WHAT TO PRODUCE: For the records below, copy exactly the span that begins at the line containing "a young man in a Santa Claus costume posing" and stops after the line containing "pain or cramps", minus any pictures.

DATA EXCERPTS:
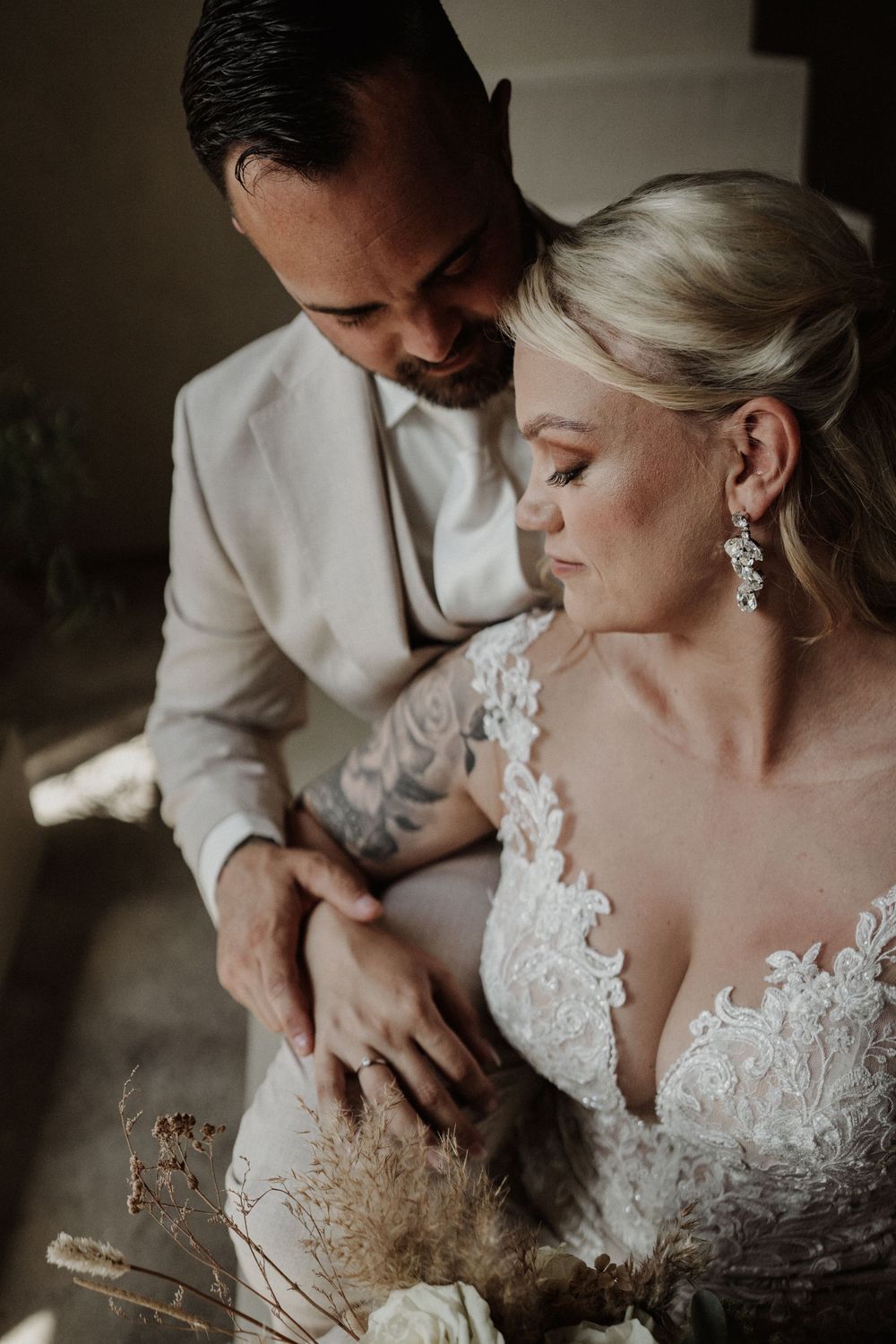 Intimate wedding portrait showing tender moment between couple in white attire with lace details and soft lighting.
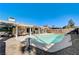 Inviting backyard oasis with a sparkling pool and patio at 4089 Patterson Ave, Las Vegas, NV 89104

...

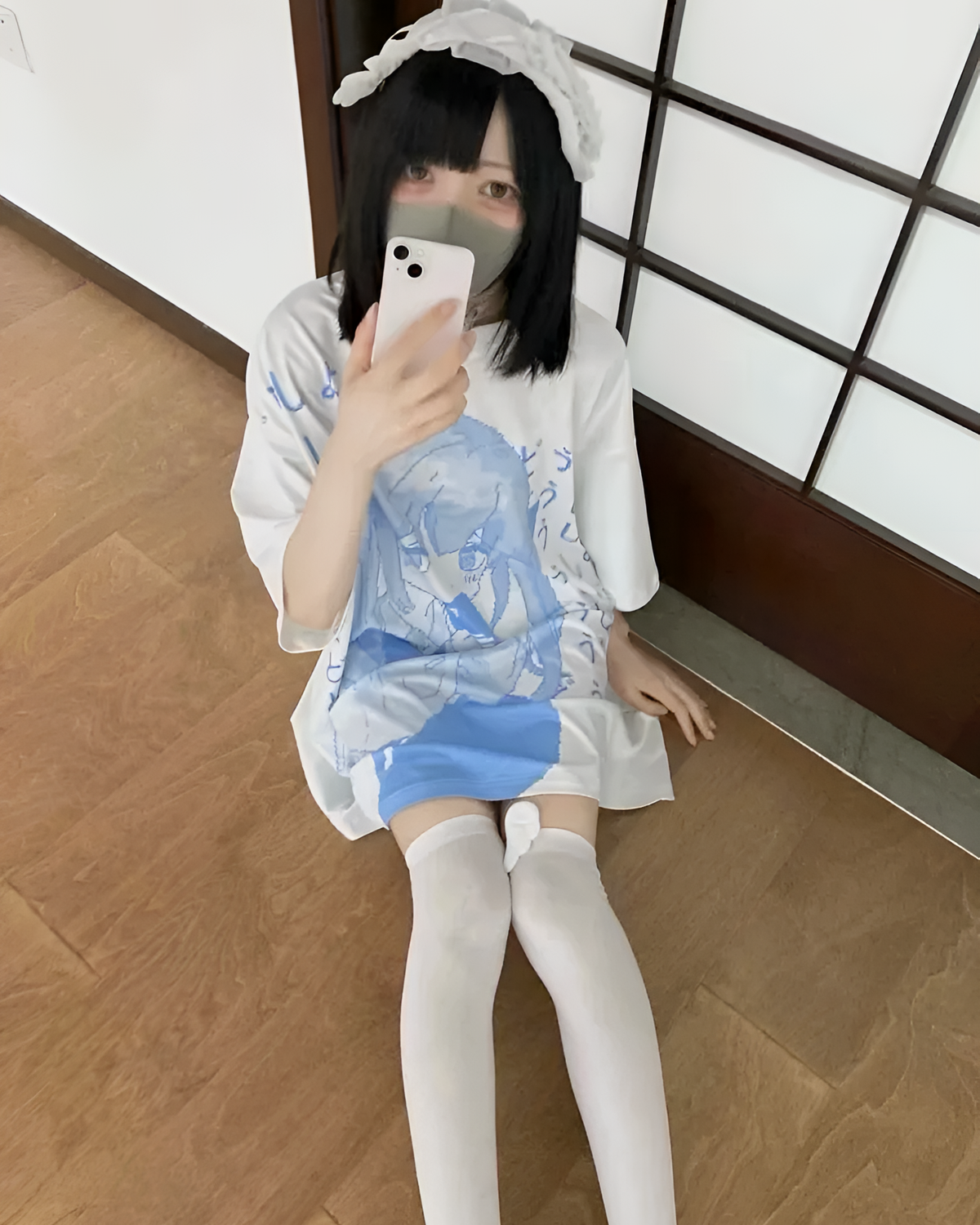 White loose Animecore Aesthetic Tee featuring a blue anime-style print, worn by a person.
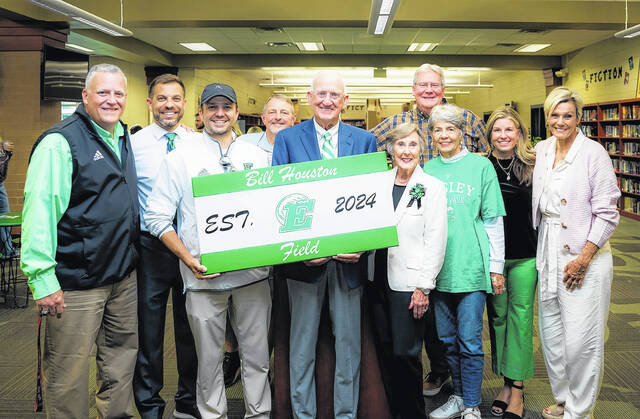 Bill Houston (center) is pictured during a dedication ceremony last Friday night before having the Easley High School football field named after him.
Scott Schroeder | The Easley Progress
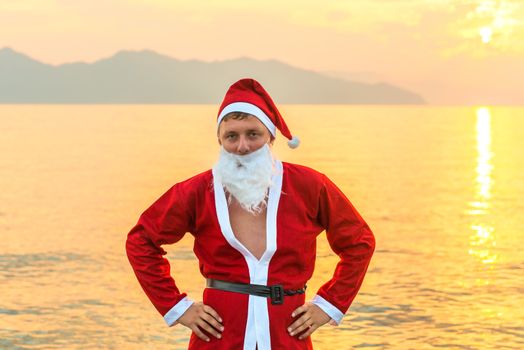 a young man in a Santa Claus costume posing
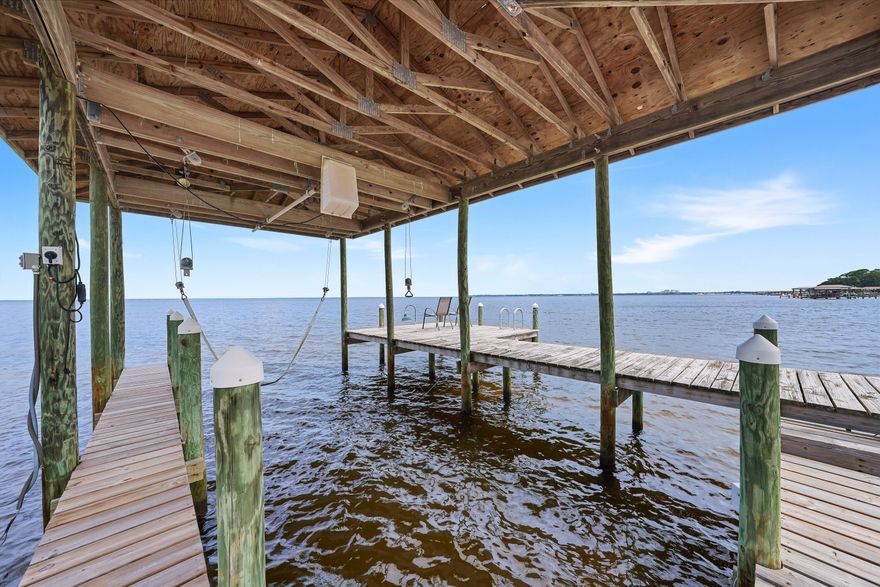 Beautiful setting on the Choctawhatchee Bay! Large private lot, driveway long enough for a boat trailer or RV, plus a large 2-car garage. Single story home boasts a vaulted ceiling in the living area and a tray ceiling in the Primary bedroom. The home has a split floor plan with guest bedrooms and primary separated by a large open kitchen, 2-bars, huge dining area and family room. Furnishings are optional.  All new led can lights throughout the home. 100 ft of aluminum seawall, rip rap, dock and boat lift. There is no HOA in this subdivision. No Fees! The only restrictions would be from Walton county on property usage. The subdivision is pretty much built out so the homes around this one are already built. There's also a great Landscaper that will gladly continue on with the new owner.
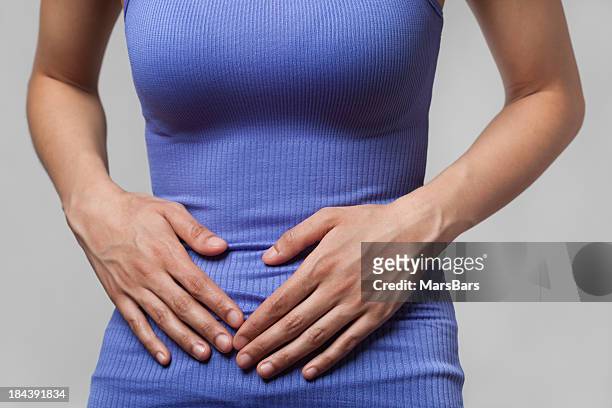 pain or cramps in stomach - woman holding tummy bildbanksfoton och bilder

RESPONSE AREA:
 a young man in a Santa Claus costume posing
 Beautiful setting on the Choctawhatchee Bay! Large private lot, driveway long enough for a boat trailer or RV, plus a large 2-car garage. Single story home boasts a vaulted ceiling in the living area and a tray ceiling in the Primary bedroom. The home has a split floor plan with guest bedrooms and primary separated by a large open kitchen, 2-bars, huge dining area and family room. Furnishings are optional.  All new led can lights throughout the home. 100 ft of aluminum seawall, rip rap, dock and boat lift. There is no HOA in this subdivision. No Fees! The only restrictions would be from Walton county on property usage. The subdivision is pretty much built out so the homes around this one are already built. There's also a great Landscaper that will gladly continue on with the new owner.
 pain or cramps in stomach - woman holding tummy bildbanksfoton och bilder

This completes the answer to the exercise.